Analysts from Wachovia Capital Markets are lowering their earnings estimates for Brunswick Corp. because of the continuing economic situation, which likely will necessitate further boat and engine production cuts.
The investment firm is lowering its estimates to a loss of $1.59 per share for fiscal 2009, compared to a previous loss estimate of 30 cents per share. This includes an estimated 26 cents per share in restructuring charges.
Despite the lower estimate, Brunswick’s liquidity remains manageable, reported Tim Conder, managing director of leisure equity research for Wachovia.
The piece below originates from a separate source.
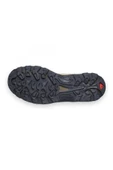 Salomon Quest Rove Gtx Erkek Bot - 4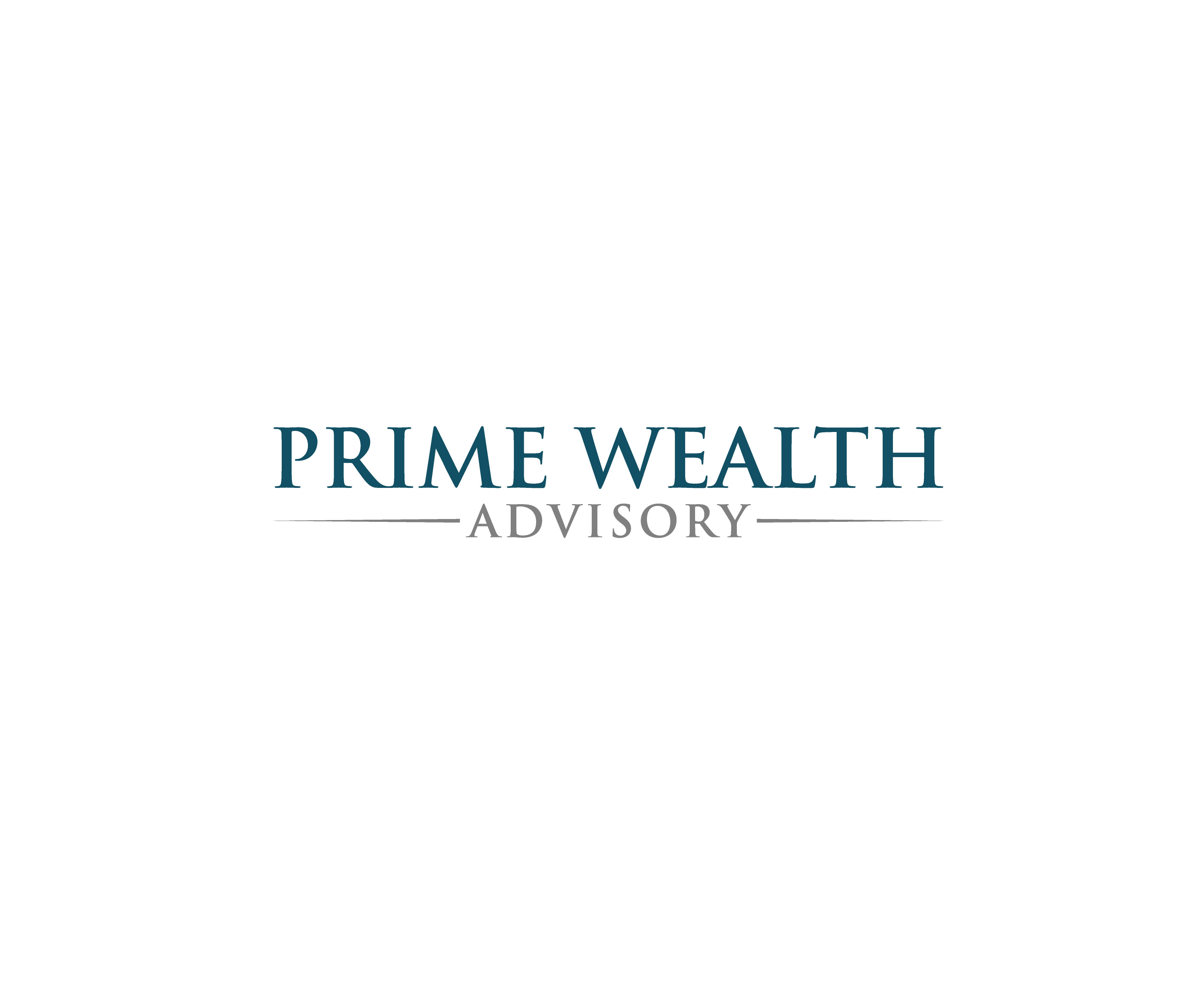 Logo Design by niajul hok for this project | Design #34163554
He said free cash flow should approximate 50 cents per share as the additional production cuts generate incremental cash flow from working capital.
He went on to say in the report that technical violations of covenants under the company’s unsecured revolving credit facility in the 2008 fourth quarter should not be a major issue, as the company appears close to consummating a new secured revolving credit agreement.
“Additionally, we believe the company is close to positively amending its covenants — more breathing room — for its wholesale financing joint venture with GE Capital,” Conder wrote in his report. “Other incremental avenues of liquidity include a sale/leaseback of the company's recreational bowling centers and, under a very dire scenario, a sale of its remaining non-marine assets.”
Finally, Conder said industry sources indicate that Brunswick’s largest customer, MarineMax, is also close to consummating a revised revolving credit facility.